Simple Exponential Smoothing is effective for stable datasets without strong trends or seasonal patterns.
Why Holt Method?
Holt forecasting improves prediction quality for datasets containing linear trends over time.
Why Holt-Winters?
Holt-Winters supports trend and seasonality detection for more complex forecasting scenarios.
Why Multiple Metrics?
MAE, MAPE, and RMSE provide different perspectives on forecasting accuracy and prediction error quality.
System Analysis
Use Case Diagram
The use case diagram models interactions between administrators, staff members, and forecasting modules during inventory analysis workflows.
Forecasting Workflow
Users can manage inventory data, input historical stock usage, compare forecasting methods, and evaluate prediction accuracy through centralized dashboard operations.
Database Design
Entity Relationship Diagram
The relational schema is designed to manage inventory items, historical stock usage, user authentication, and forecasting results.
Database Considerations
- • Historical stock data is separated into dedicated relational records.
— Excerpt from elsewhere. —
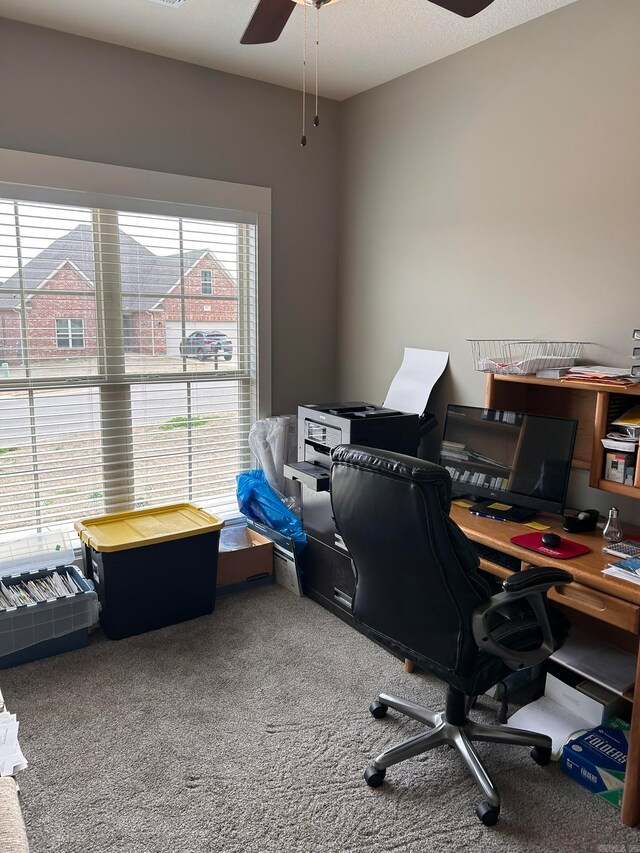 carpeted home office featuring ceiling fan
- • Forecast results are stored independently to support method comparison analysis.
- • Foreign key constraints maintain relational consistency between items and forecast records.
Forecast Persistence
Forecast outputs and accuracy metrics are persisted for historical evaluation, reporting generation, and future comparison.
Forecast Engine
Prediction Processing
Forecast calculations are executed using multiple time-series methods to evaluate prediction performance and trend behavior.
SES Forecast
Uses weighted averages from previous periods to smooth forecasting fluctuations.
Holt Forecast
Captures linear trend movement to improve medium-term predictions.
Holt-Winters
Supports seasonal forecasting behavior using trend and seasonality components.
Technical Flow
System Workflow Diagrams
The following diagrams illustrate authentication, forecasting execution flow, and inventory prediction processing.
Forecast API Sequence
This sequence diagram demonstrates how forecasting requests are processed through API routes and forecasting engines.
Metrics Evaluation Flow
Forecast outputs are evaluated using MAE, MAPE, and RMSE calculations before results are returned to users.
Forecasting Workflow
This activity diagram illustrates the forecasting process from authentication and data input to prediction generation.
Forecast Processing Pipeline
Users authenticate into the dashboard, select forecasting methods, calculate prediction metrics, and store forecast results into the database.
Project Metrics
Technical Overview
3
Forecast Methods
MAE
Error Metric
MAPE
Error Metric
RMSE
Error Metric
Future Improvements
Scalability & Optimization
Advanced Forecast Models
Additional forecasting algorithms such as ARIMA or Prophet can improve prediction flexibility for complex datasets.
Interactive Visualization
Dynamic forecasting charts and real-time analytics dashboards can improve forecasting interpretation.
Automated Parameter Tuning
Forecast accuracy can be improved through automatic alpha, beta, and gamma optimization strategies.
Forecast History Tracking
Historical forecast comparison features can improve analytical validation and reporting workflows.